Dataset extract:
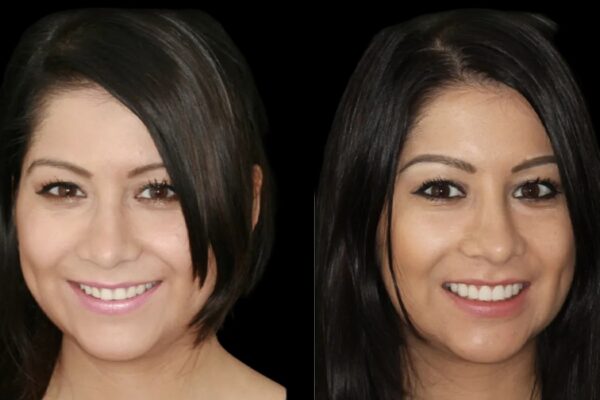 Veneers -index 9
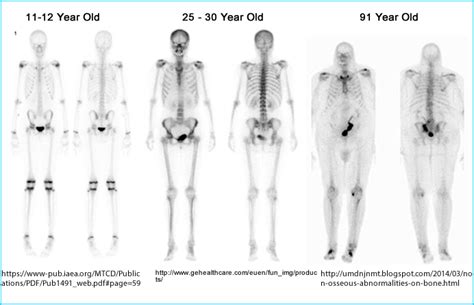 Spect Bone Scan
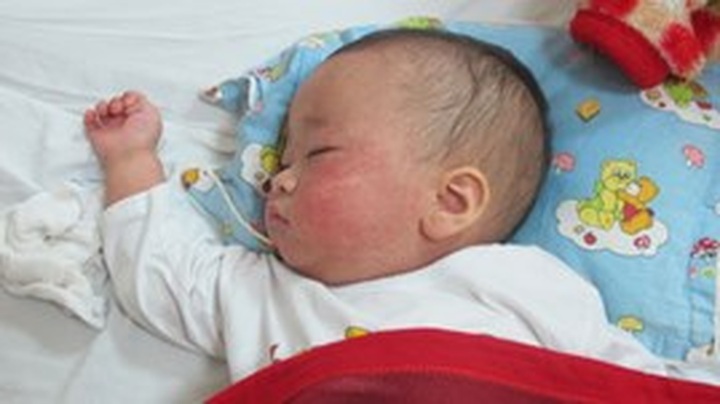 Measles cases on the rise, 3 dead - 1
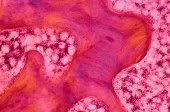 Stressed cells can halt protein production, which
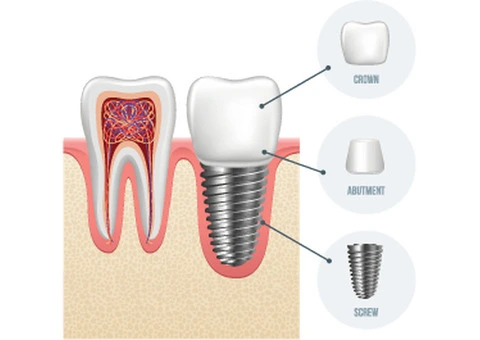 Smile Fresh: The Magic of Dental Implants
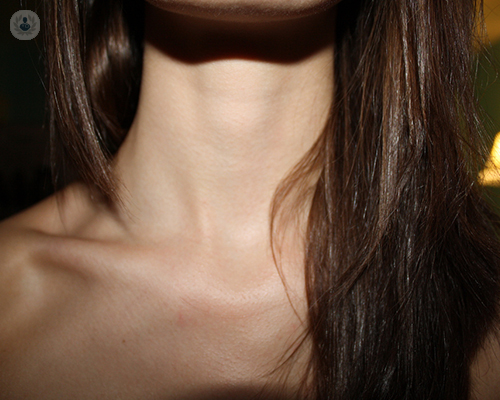 como-acabar-con-la-papada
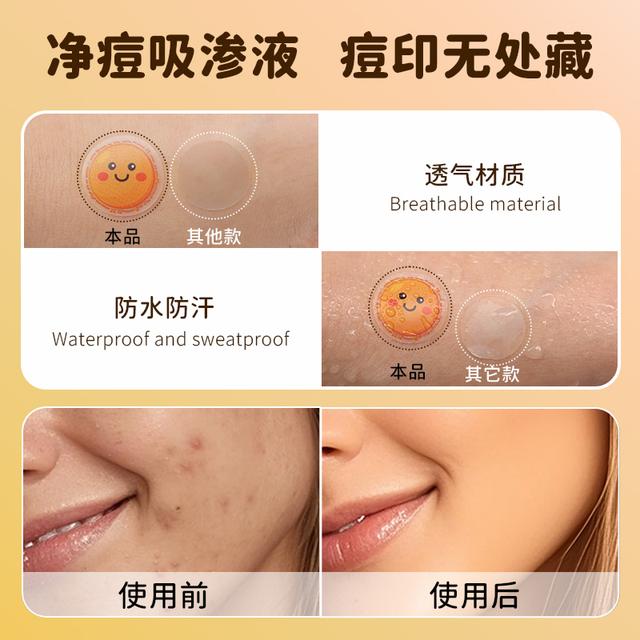AUSLKA痘痘贴香橙味：女生必备的祛痘神器，轻薄防水透温还能温和舒缓！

Work item: Would you copy every entry exactly as it stands, leaving out the pictures?

Output below:
 Veneers -index 9
 Spect Bone Scan
 Measles cases on the rise, 3 dead - 1
 Stressed cells can halt protein production, which
 Smile Fresh: The Magic of Dental Implants
 como-acabar-con-la-papada
AUSLKA痘痘贴香橙味：女生必备的祛痘神器，轻薄防水透温还能温和舒缓！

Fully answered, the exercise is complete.